+++ Available data +++

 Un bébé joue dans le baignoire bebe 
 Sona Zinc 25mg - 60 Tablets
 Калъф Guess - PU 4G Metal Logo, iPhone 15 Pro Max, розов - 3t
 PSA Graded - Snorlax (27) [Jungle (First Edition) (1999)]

+++

Directions: Reply with every line of the material above, unaltered.

Finished exercise:
 Un bébé joue dans le baignoire bebe 
 Sona Zinc 25mg - 60 Tablets
 Калъф Guess - PU 4G Metal Logo, iPhone 15 Pro Max, розов - 3t
 PSA Graded - Snorlax (27) [Jungle (First Edition) (1999)]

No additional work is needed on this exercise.